In investment management, long-term strategic decisions, such as portfolio construction, retirement planning, or asset-liability modeling (ALM), depend heavily on the expected return of assets.
- The Capital Asset Pricing Model (CAPM) uses the expected return of a security to determine the required return.
- In utility theory, investors are assumed to make decisions based on the expected utility of returns, not the median or the most frequent outcome.
Monte Carlo simulations involve generating a large number of random scenarios to model uncertain variables, such as future asset/portfolio values, path-dependent option payoffs, or pension fund liabilities. Over thousands (or millions) of iterations, the law of large numbers ensures that the average (mean) of these simulations converges to the expected value. For instance, simulating the future value of a stock portfolio under a Geometric Brownian Motion (GBM) model will return a distribution of possible outcomes, and the mean of these outcomes is considered the expected value.

Thus, risk professionals must evaluate when central tendency is used for insight vs. decision-making.

Why is Range Not Always a Reliable Measure of Dispersion?

The range is the simplest measure of dispersion, calculated as the difference between the maximum and minimum values in a dataset:

Range = Maximum Value − Minimum Value

It provides a quick sense of the spread or span of the data.

While it's intuitive, the range is not robust because it only considers the two extreme values and ignores the distribution of the rest of the data. It tells you the distance between the furthest observations, but it tells you nothing about how values behave in between. Because it focuses on extremes, the range is heavily affected by outliers.

for example,

Dataset A: (10, 12, 13, 14, 15), Range = 15 − 10 = 5

Dataset B (with outlier): (10, 12, 13, 14, 100), Range = 100 − 10 = 90

Though the bulk of both datasets is similar, the presence of a single extreme value in Dataset B distorts the range, making it appear much more dispersed than it truly is.

Because of its limitations, the range is rarely used in professional investment or risk management settings. Instead, analysts prefer more robust measures of dispersion, such as:

Standard Deviation: Measures the average deviation from the mean.
Interquartile Range (IQR): Focuses on the middle 50% of the data, ignoring outliers.
Mean Absolute Deviation (MAD): Averages the absolute differences from the mean.

These alternatives account for the entire data distribution and are more effective in real-world, noisy financial datasets.

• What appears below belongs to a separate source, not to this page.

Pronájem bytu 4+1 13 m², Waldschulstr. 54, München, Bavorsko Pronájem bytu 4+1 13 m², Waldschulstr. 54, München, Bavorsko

What is Standard Deviation, and Why Is It Used as a Measure of Risk in Finance?

Standard deviation is a statistical measure that quantifies the variability or dispersion of a dataset around its mean. In finance, it serves as the primary measure of investment risk because it captures the uncertainty of returns.

Mathematical Definition:

Sample Standard Deviation: SD = √[Σ(Xi - X̄)² / (n-1)]

What Standard Deviation Measures:

Standard deviation tells us the typical distance that returns deviate from their average. It answers the question: "How much do returns typically vary from what we expect?"

Example: Two stocks both average 10% annual return over 10 years:

Stock A: Returns range from 8% to 12% and the Standard Deviation 2%. Very predictable, low variability.

Stock B: Returns range from -20% to +40% and Standard Deviation: 15%. Highly unpredictable, high variability

Both have the same average return, but Stock B is much riskier.

Why Standard Deviation is a Measure of Risk:

Uncertainty Measurement: A higher standard deviation means greater uncertainty about what return you'll actually receive. You might get the average return, or you might get something very different.

Downside Potential: While standard deviation measures both upside and downside variability, assets with high standard deviation have greater potential for losses significantly below the mean.

Return Predictability: Low standard deviation means returns are more predictable and consistent. High standard deviation means returns are erratic and hard to forecast.

Empirical Rule (68-95-99.7): Assuming approximately normal distribution:
- 68% of returns fall within ±1 standard deviation of the mean.
- 95% fall within ±2 standard deviations of the mean.
- 99.7% fall within ±3 standard deviations of the mean.

Walk me through calculating the standard deviation step-by-step.

To calculate the standard deviation of an asset returns dataset, the following steps are typically involved:

Calculate the Mean (Average) Return: The mean represents the average value of all returns in the dataset.

Where:

'Returns' is an array of daily (or periodic) returns.

'Count of Returns' (or 'n') is the total number of return points in the dataset or the number of trading days.

Calculate the Deviation of Each Return Point from Its Mean: Each return point is subtracted from its mean to determine how much it deviates:

Calculate the Deviation of Each Data Point from the Mean

This results in the average value around which we'll measure deviations.

Square Each Deviation: Since some deviations will be negative and some positive, they might offset each other; squaring them ensures all values are positive:

The deviations (Returns - Mean Return) can be positive (for values above the mean) or negative (for values below the mean), and they always sum to zero. Squaring (Returns - Mean Return)^2 accomplishes two things: it eliminates negative values, and it gives greater weight to larger deviations. And this results in the total squared deviation across all data points.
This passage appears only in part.